Václav Vencovský1
1
Department of Radioelectronics, Czech Technical University in Prague, Czech Republic

Broadband noise with a sharp falling edge in the power spectrum evokes a monaural noise edge pitch. When comparing with the pitch of a matching pure tone, the same pitch sensation is evoked for pure tone shifted slightly into the spectral region of the noise. In the frequency region between 100 Hz and 2.5 kHz, the pure tone frequency is about 2% to 9% below the noise edge frequency for lowpass filtered noise and about 2% to 20% above the noise edge frequency for highpass filtered noise [Hartmann et al. (2019) J. Acoust. Soc. Am. 145:1993-2008]. The departure from the edge frequency grows as the edge approaches low frequencies. The noise edge pitch can be explained by temporal theories calculating autocorrelation or by a place theory employing lateral inhibition. It is shown here that the noise edge pitch can be also derived from the first order intervals between successive peaks in the temporal fine structure of the noise filtered with a gammatone filterbank. The filterbank was composed of 300 filters distributed between 20 Hz and 10 kHz according to the Cam scale. Histogram of the first-order interpeak intervals reveals a hump centered around the noise edge pitch frequency. The hump is more visually apparent for LP noise than for HP noise as the edge frequency approaches low frequencies (below about 200 Hz), which corroborates experimental results in literature.

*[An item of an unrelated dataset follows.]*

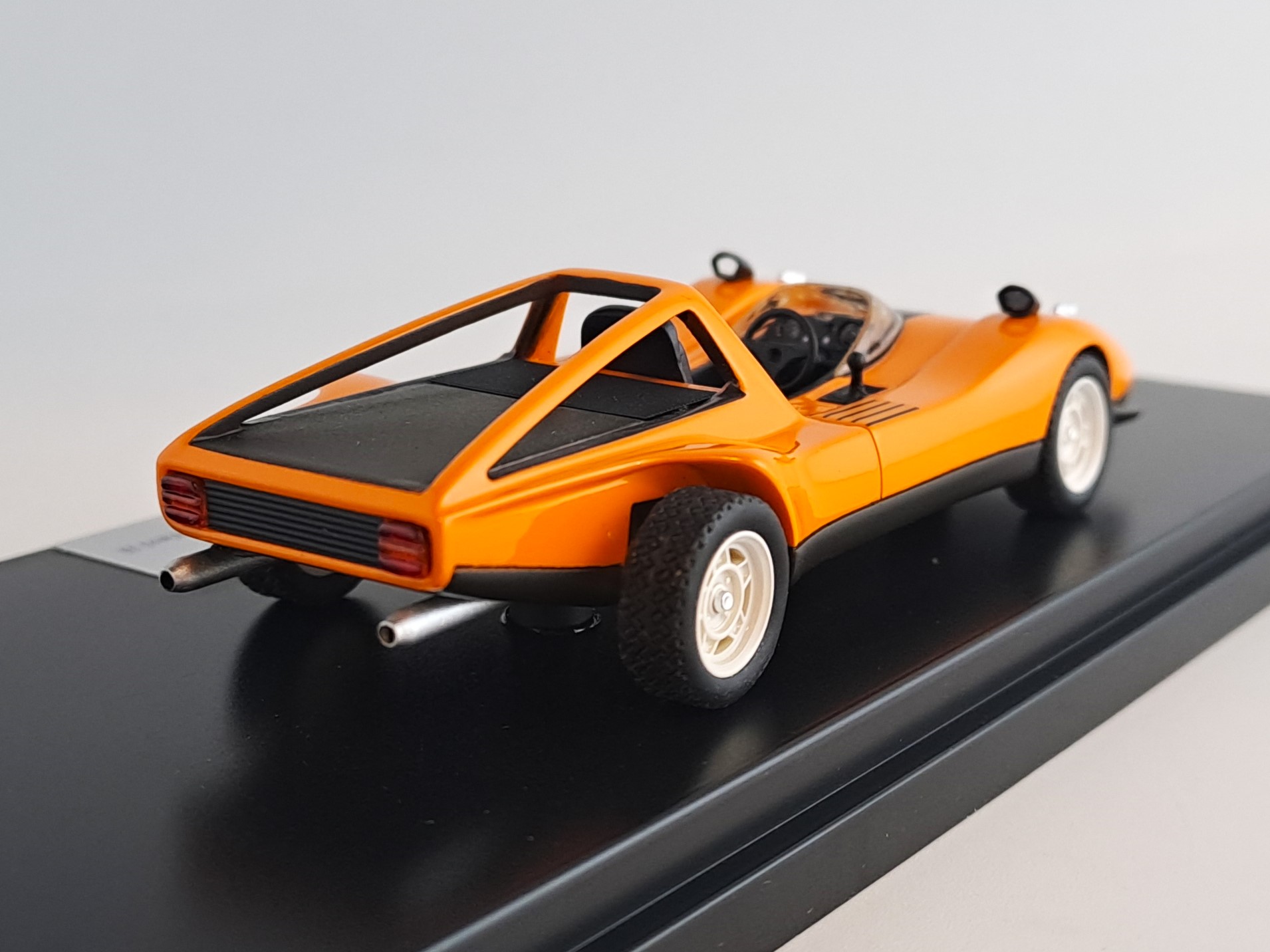 MPV Tehran Reza Pahlavi 1:43 Brausi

At 200 Hz, ratio between the pitch frequency estimated as the mid of the hump and the edge frequency is about 1.1, which agrees with literature. These results support temporal theories of pitch perception employing first-order interspike intervals [Huang and Rinzel (2016) Front. Comput. Nerosci. 10:57(1-17)].

Acknowledgements: Supported by an internal grant at the Czech Technical University in Prague SGS20/180/OHK3/3T/13.